都内某所で「スピリチュアル科学セミナー」というのがあり、顔出してみました。

跋扈するエセ量子力学

今だったら絶対行かないでしょう(笑)。

当時はまだスピリチュアルという言葉にも今ほどのアレルギーはなく、「怪しさ」は感じつつも参加してみることに。

まあそしたら案の定ですわ、中身はデタラメのてんこ盛り。

どうやったら願いがかなう幸せな人生をゲットできるかを「量子力学」に紐づけて、数式すら駆使して説明するわけですが、その内容は全くのナンセンス。

その数式とやらも、10次元の話をしているはずなのになぜか4次元。

4次元の式であることにすら気付いてない。

積分変数のこの部分が神社でこの部分がお寺、とかいやはや何とも‥。

当人が自分はブルーバックス(講談社)で勉強したと言いますが、ブルーバックスは各分野の専門家が分かりやすく書いた一般向けの啓蒙書。

専門知識を必要とせず読み進められるという方針上、ある程度以上の厳密さを犠牲にした分読みやすくはある。

ただ、端折られた厳密性の分、どうしても読み下しに任意性が生じる。

物理学にとっては言語として使いこなされている数式もなるべく使わず通常言語(日本語)で表現されるから、なおさらこの任意性が大きくなる。
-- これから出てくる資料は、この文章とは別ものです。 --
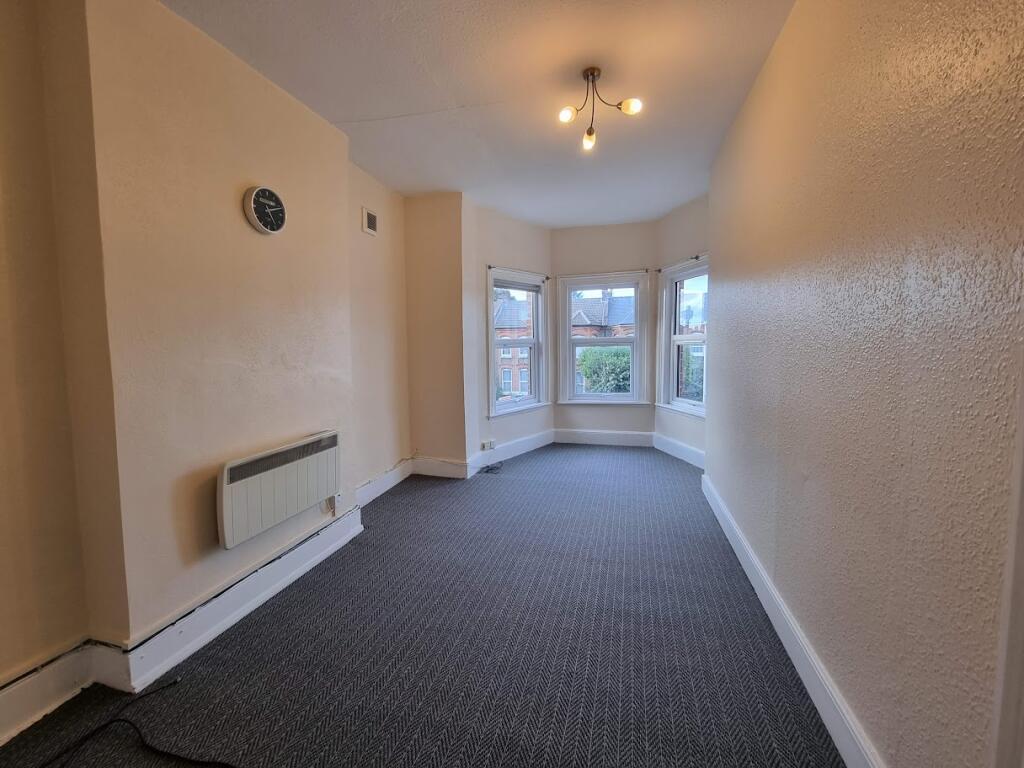 1 bed 1st Floor Flat for rent in Ilford. From Live London Estates 1 bed 1st Floor Flat for rent in Ilford. From Live London Estates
そこに、金儲けしたいエセ科学者どもは付け入るわけですなぁ。

我田引水、都合の良い解釈で持論を展開。

ブルーバックスで得た知識をツギハギし科学の権威で武装する、と。

私は曲がりなりにも物理学の専門教育を受けている身。

彼らのテキトーさにはすぐに気づくけど、やはりターゲットとされている一般の人にはそれはなかなか難しい。

事実辺りを見渡すと、私以外の参加者7人は目をランランと輝かせて「講義」に聞き入り必死にメモを取っている有様。

かくして彼らは、その後に続く3時間40万円の講座に引き入られてしまうのでした。

私が大学生の時の国立大学の年間授業料が40万円。

それと同額をたった3時間の、しかも内容が全くデタラメの講座に「喜んで」支払わされる人たち。

今私が、科学非専門の一般の人でもエセ科学を見分けるハウツーについて追究している原点はこの実体験にあります。

自然主義的誤謬とは?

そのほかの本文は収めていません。